Raw data:
================================

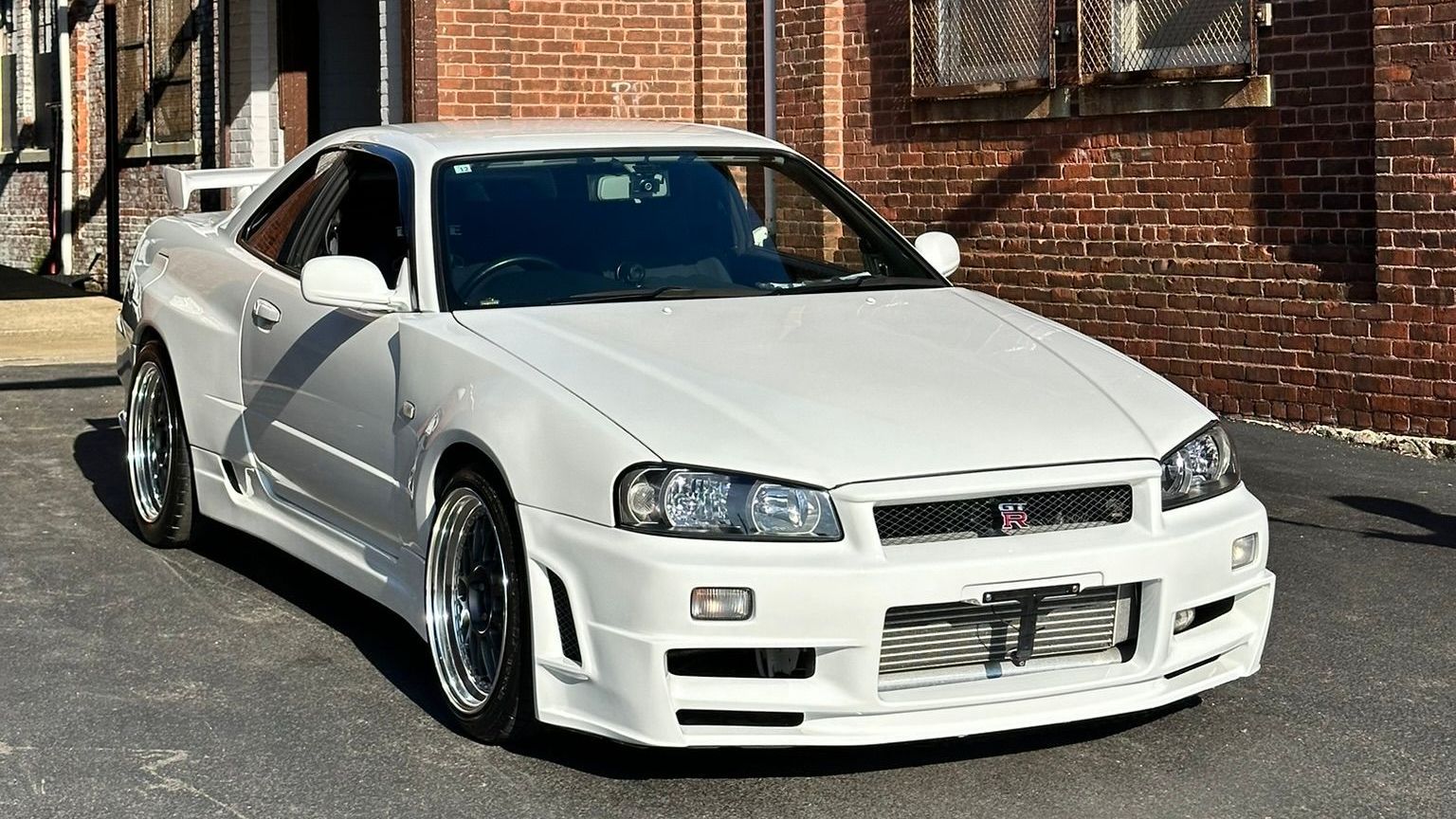White Nissan Skyline R34 with a fresh ceramic coating parked outside Auto Customs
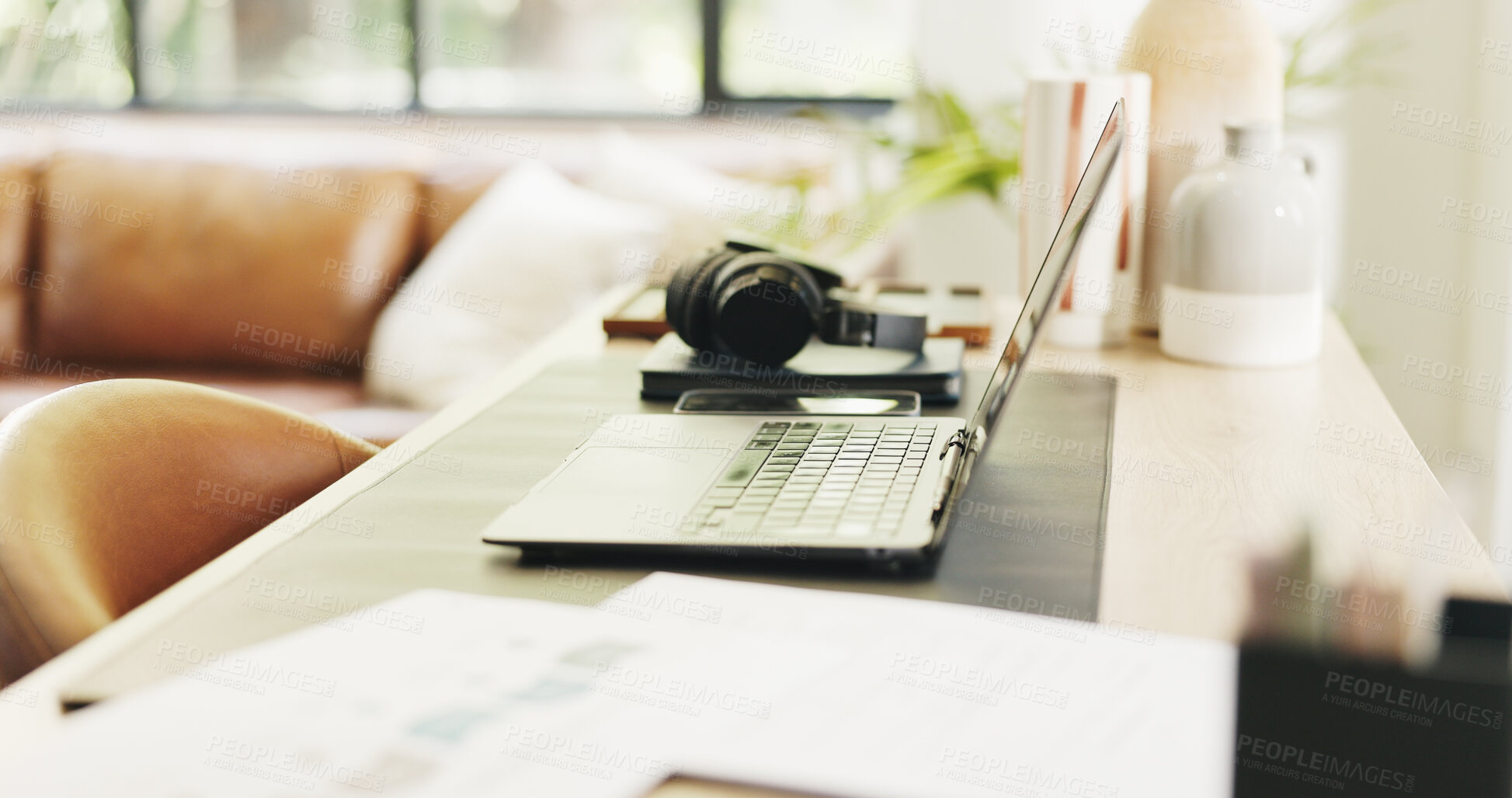 Buy stock photo Headphones, laptop and remote work setup in home office for research, planning and document. Creative workspace, technology and paperwork for online, freelance or small business in house lounge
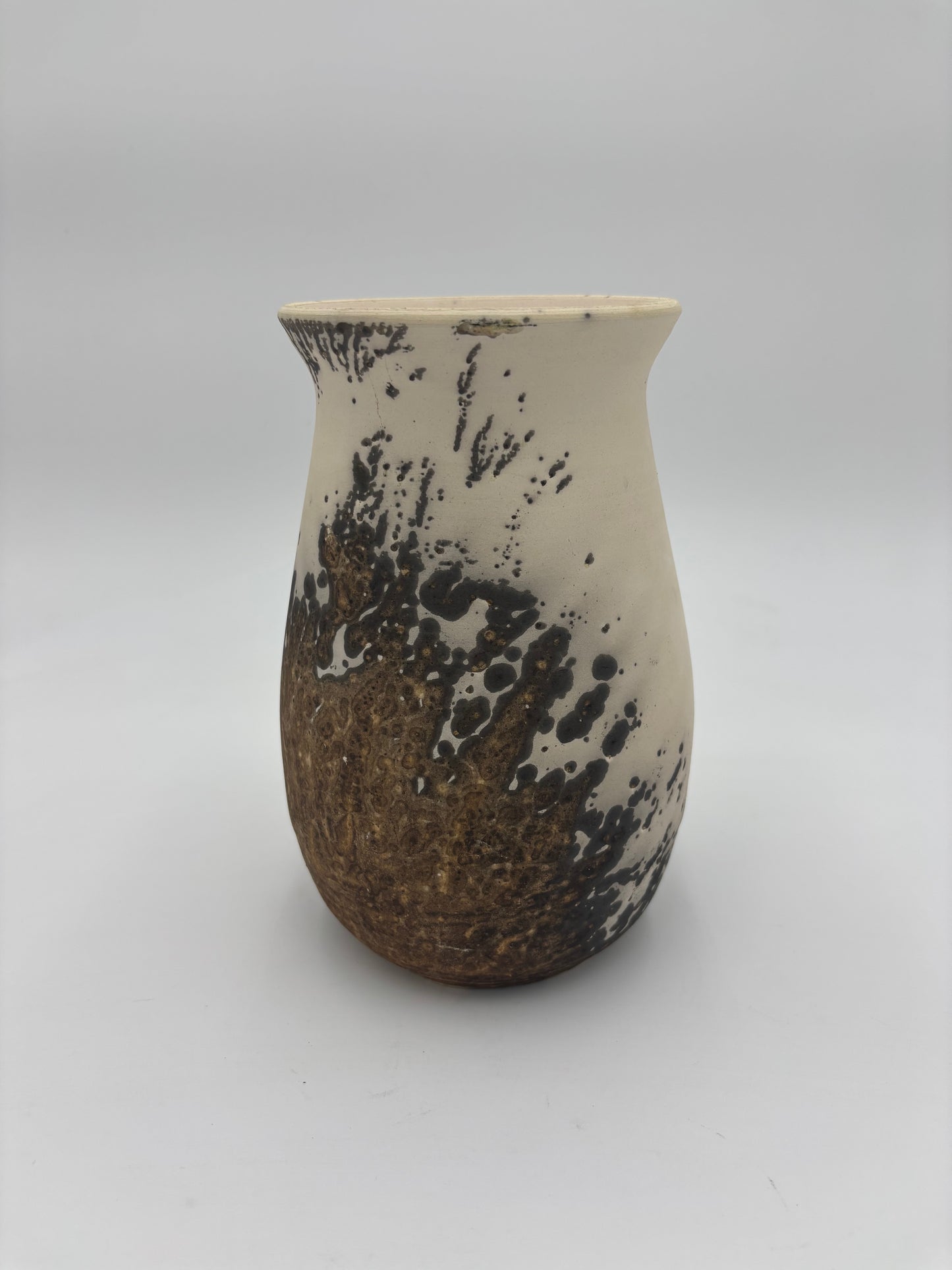 Raku vase made from white Raku clay and fired in Obvara firing technique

================================

What the exercise asks: Reproduce word for word the lines running from the line with "Buy stock photo" through the end of the data, both included, and nothing else; leave out the pictures.

Response to this exercise:
 Buy stock photo Headphones, laptop and remote work setup in home office for research, planning and document. Creative workspace, technology and paperwork for online, freelance or small business in house lounge
 Raku vase made from white Raku clay and fired in Obvara firing technique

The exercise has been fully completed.